Seal Island Lighthouse
Phare de l'île Seal
Links and documents
Listed on the Canadian Register:
Statement of Significance
Description of Historic Place
The Lighthouse, also known as Seal Island Lighthouse, is located on an island situated near the Bay of Fundy. The sturdy lighthouse is a tapered, octagonal tower, constructed in heavy timber and capped with a prominent, octagonal lantern. The designation is confined to the footprint of the building.
The Lighthouse is a Recognized Federal Heritage Building because of its historical associations, and its architectural and environmental value.
The Lighthouse is one of the best examples of a structure associated with the development of lighthouses in Atlantic Canada during the colonial period (pre-1867). The fourth oldest lighthouse in Canada, it was constructed as a response to the many shipwrecks which occurred in and past the Bay of Fundy during the primacy of the Maritimes as a world shipping power. It is of strong regional importance because of its close association with the Hichen and Crowell families who founded Canada’s first life-saving station at this site. The establishment of the lighthouse came as a result of the lobbying efforts of Mary Crowell. Its construction and maintenance also demonstrate a significant joint venture between Nova Scotia and New Brunswick to address the reliance on shipping by the colonies which produced heavy traffic off the south-west coast of Nova Scotia and into the Bay of Fundy.

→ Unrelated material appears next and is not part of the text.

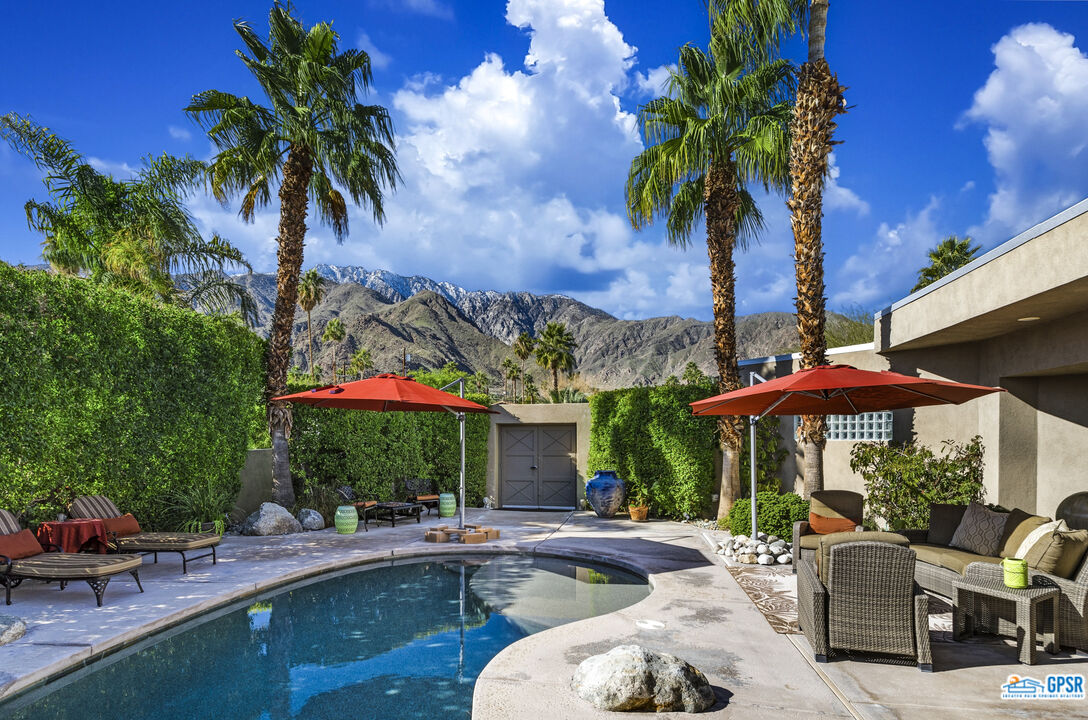 Image Number 1 for 2122 N Junipero Ave in Palm Springs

The Lighthouse is a good example of early 19th-century lighthouse construction. The very good functional design demonstrates a distinctively Canadian departure from typical British plans. Its timber design was suited to the Canadian-Atlantic climate and benefited from local skills and materials. This lighthouse and its contemporaries set the pattern for similar inexpensive, wooden navigational aids, which became the hallmark of the Canadian navigational system from this point well into the 20th century.
The Lighthouse reinforces the character of its maritime, coastal setting and is a well-known landmark in the region.
Sources: Gordon Fulton, Lighttower, Big Shippegan, New Brunswick, Lighttower, Pictou Bar, Nova Scotia, Federal Heritage Building Review Office, Building Report 90-099, 90-105; Seal Island Lighthouse, Seal Island, Yarmouth County, Nova Scotia, Heritage Character Statement, 89-175.
The following character-defining elements of the Lighthouse should be respected.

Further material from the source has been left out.